# looking for a free dog



## birdy187 (Feb 11, 2009)

hi all im looking for a dog for me and my family, we used to have a staffie but had to give her to my cousin due to anew baby, she is 3 now so the time is right, we have 3 girls 3,8,and 9, my partner is in all day so no probs looking after it also a garden and 2 huge fields round the corner, we live in crawley, any offers would be greatful, thanx darren


----------



## DKDREAM (Sep 15, 2008)

Good luck in your search


----------



## Guest (Feb 11, 2009)

Hiya and welcome .....Hope you manage to find a dog.


----------



## birdy187 (Feb 11, 2009)

thank you hopefully sooner than later the kids are driving me mad lol


----------



## scosha37 (Feb 24, 2008)

Hi and welcome..hope you enjoy your stay...

Have you tried your local rescue centre...


----------



## noushka05 (Mar 28, 2008)

i found a stray she was only about 16wks & nobody claimed her so she was my freebie we've had her 14yrs now! Good luck with your search


----------



## Dundee (Oct 20, 2008)

Even rescues aren't free, they ask for a donation.

Is there any particular reason why it has to be free?


----------



## DKDREAM (Sep 15, 2008)

look on preloved or something??


----------



## birdy187 (Feb 11, 2009)

free is always better i dont mind paying a donation if its a dog we all want.


----------



## Guest (Feb 11, 2009)

birdy187 said:


> free is always better i dont mind paying a donation if its a dog we all want.
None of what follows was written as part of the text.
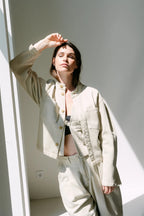 Aimee The Label | RoselineS6 Waistcoat Beige jeans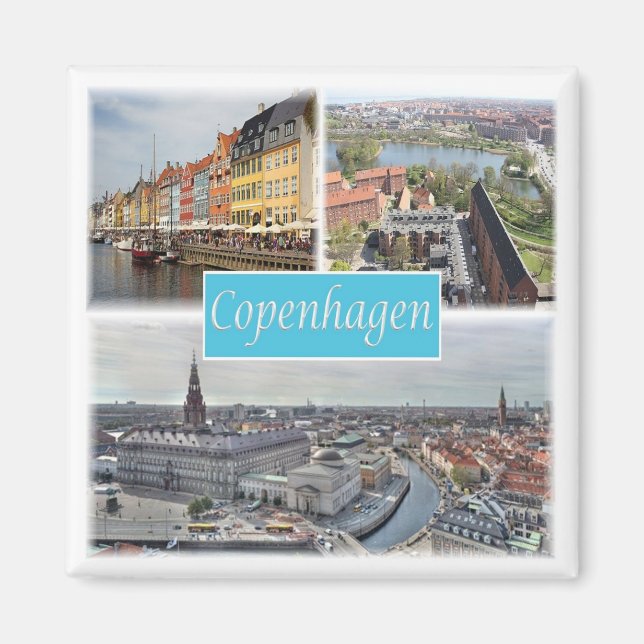 zDK003 COPENHAGEN Denmark, Fridge Magnet (Front)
lol...cant argue with you there...free is always better. There's often dogs advertised free to good home, so i hope you find what you are looking for.


----------



## birdy187 (Feb 11, 2009)

exactly lol


----------



## DKDREAM (Sep 15, 2008)

Ive just looked on preloved and theres quite a few dogs "Free to good home"


----------



## Dundee (Oct 20, 2008)

> Ive just looked on preloved and theres quite a few dogs "Free to good home"


How sad... easy come, easy go...


----------



## DKDREAM (Sep 15, 2008)

Dundee said:


> How sad... easy come, easy go...


I know its very sad isnt it but at least the OP maybe able to help one of them.


----------



## SpringerHusky (Nov 6, 2008)

I'd never trust a free to good home pet anymore, I've had way to bad of experience of free to good home pets, actually I might just go make a post about that.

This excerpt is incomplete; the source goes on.